Plaintiff testified that when he was 75 feet from the intersection a gravel truck traveling south crossed the intersection and he saw it as it continued traveling south 200 to 300 feet and that it met and passed defendant's truck. He testified further that he looked to the south when he was 50 feet from the intersection but did not see the defendant. According to their testimony plaintiff and defendant were both driving approximately 20 miles an hour. If plaintiff looked to the left when he was 50 feet from the intersection he should have seen the defendant because both parties must have been approximately the same distance from the intersection.
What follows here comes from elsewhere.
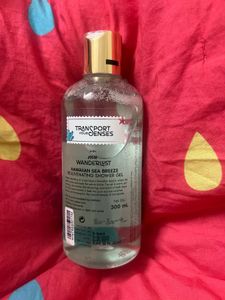 🆕 Nykaa Wanderlust Hawaiian Shower Gel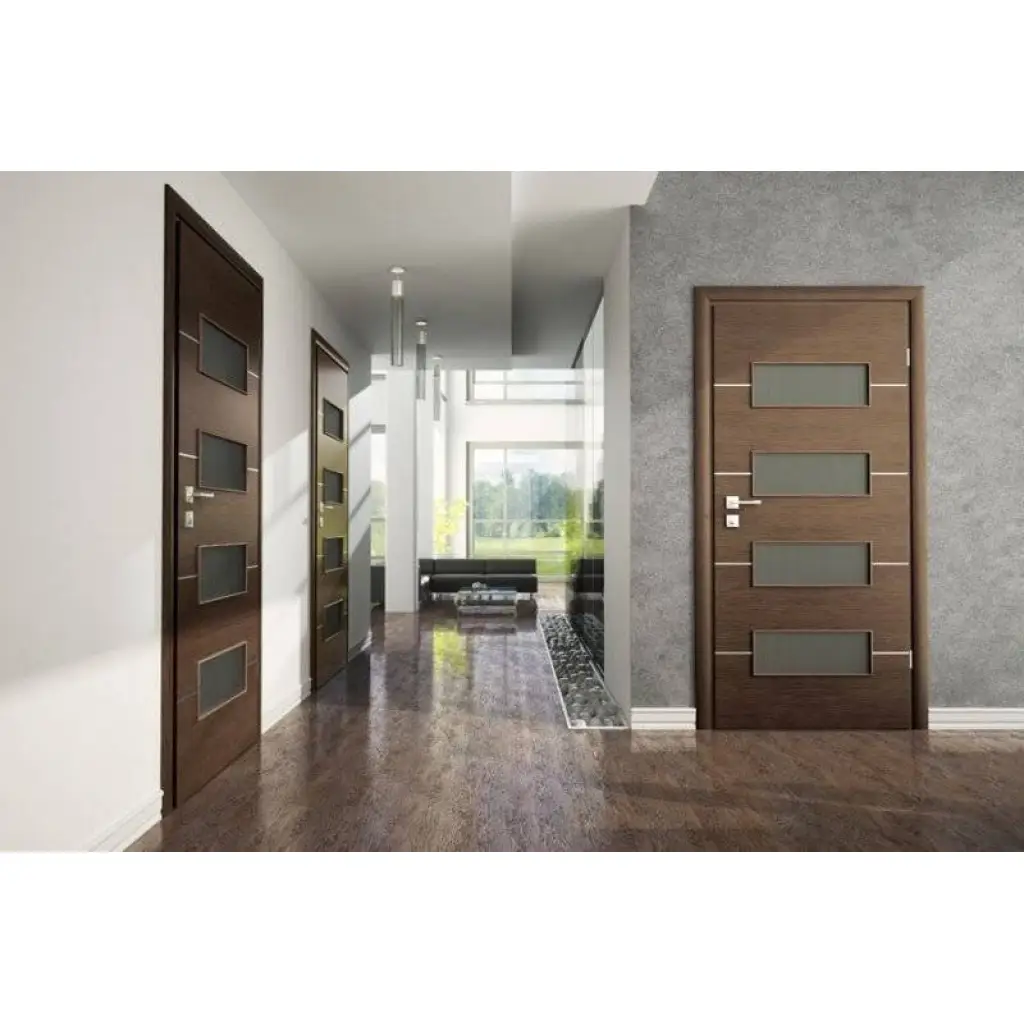 Drzwi Galeria Natura Alu 22, Drzwi wewnętrzne, Galeria Natura Alu, DRE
In 60 C.J.S. Motor Vehicles § 353, p. 838 it is stated:

"The failure of a driver to maintain a proper lookout, and to see what he could and should have seen, on approaching and traversing a crossing or intersection may constitute negligence as a matter of law."

In the same volume, same title, pp. 840, 841, is a similar statement:

"A motorist approaching and traversing a crossing or intersection will be deemed to have seen what he could and should have seen; he is under a duty to see what is visible and in plain sight. The mere fact that he looked will not excuse him if he did not see what was apparent, since in such case his failure to see constitutes as great negligence, under the law, as though he had not looked at all."

The evidence shows that from a point 1,000 feet east of the intersection the plaintiff had a clear view of the northsouth road 2,600 feet south of the intersection. The defendant had a clear view of the east-west road and should have seen the plaintiff had he looked to the right. According to the evidence they were driving at the same rate of speed. The collision occurred in the center of the intersection. Had either party maintained a proper lookout the collision could have been avoided. The only reasonable inference to be drawn from the record is that both plaintiff and defendant were negligent as a matter of law and that their concurrent negligence contributed proximately to the collision and precludes recovery by either party from the other. Although, under Section 28-1509, NDRC 1943, the refusal of the trial court to submit the case to the jury was error; nevertheless upon the record before us it was error without prejudice. Accordingly the judgment is affirmed.

GRIMSON, C. J., and JOHNSON, BURKE and MORRIS, JJ., concur.